Monsieur le ministre, permettez-moi à présent de mettre en exergue ce qui est à mes yeux un oubli important. Vous auriez dû saisir l'occasion de ce projet de loi organique pour modifier les modalités d'élection du Président de la République sur un point essentiel, celui de la participation électorale des Français établis hors de France.

Je tiens à vous rappeler que, sur un peu plus de deux millions de Français établis hors de France, 400 000 sont inscrits sur les listes électorales pour l'élection du Président de la République. Certes, ce chiffre est en augmentation, une augmentation régulière et relativement importante. Mais, outre le nombre peu important des inscrits, la participation électorale est aussi très faible lors de l'élection présidentielle. En 1995, elle était de 50 %. Lors des élections présidentielles de 2002, pourtant marquées par une forte participation en France, le taux d'abstention à l'étranger a atteint plus de 62 % au premier tour.

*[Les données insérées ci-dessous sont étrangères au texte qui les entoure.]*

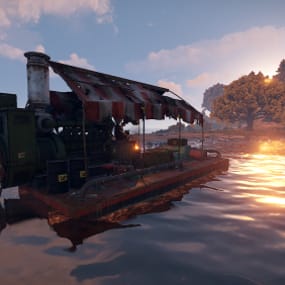 More information about "Murderers Fan Boat / Air Boat"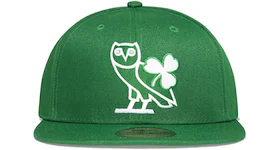 OVO x NBA Celtics New Era 59Fifty Fitted Hat Green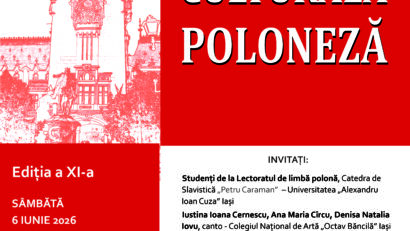 Seară Culturală Poloneză la Palatul Culturii din Iași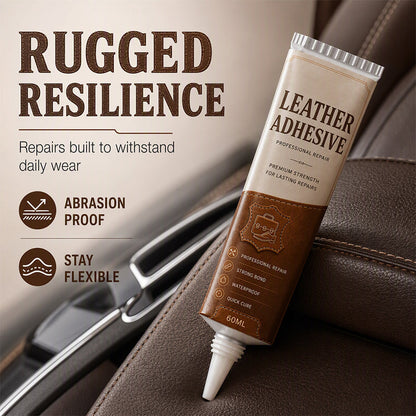 🔥Hot Sale - 50% OFF🔥Quick Drying Waterproof Leather Adhesive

Les raisons sont connues, et je ne les développerai donc pas. Elles tiennent non pas à un mauvais civisme des Français établis hors de France, qui, au contraire, gardent un lien fort avec la mère patrie sur laquelle ils conservent un regard aigu, mais essentiellement à l'éloignement géographique des bureaux de vote. Il en existe un par ambassade ou consulat. Dans un certain nombre de pays, cela signifie qu'il faut parcourir entre 300 kilomètres et 500 kilomètres dans chaque sens pour aller voter ! Avec de pareils déplacements, c'est demander à nos concitoyens de faire preuve d'un civisme peu ordinaire ! J'ajoute que la fermeture de nombreux consulats - ce que nous sommes plusieurs à déplorer - va accentuer encore cette rupture entre le citoyen électeur et le bureau de vote.

Pour contrecarrer ce que l'on peut appeler une « fracture électorale » et permettre de faire abstraction de l'éloignement par rapport au bureau de vote, certains procédés pouvant être qualifiés d'exceptionnels, tels que le vote par correspondance sous pli fermé ou le vote par voie électronique, ont été mis en place. Toutefois, ces modalités, qui résultent de la loi du 28 mars 2003, ne concernent actuellement que l'élection des membres de l'Assemblée des Français de l'étranger. Ainsi, le 18 juin prochain, nos concitoyens d'Europe, d'Asie et du Levant, pour reprendre une ancienne expression, pourront voter par correspondance électronique.

Pourquoi permettre aux citoyens établis hors de France de voter à distance dans le cas particulier de l'élection de l'Assemblée des Français de l'étranger et ne pas l'autoriser pour l'élection du Président de la République ? D'après le ministère de l'intérieur et le secrétariat général de la défense nationale, qui le conseille en la matière, le vote par correspondance électronique ne serait pas suffisamment fiable dans le cas de l'élection présidentielle.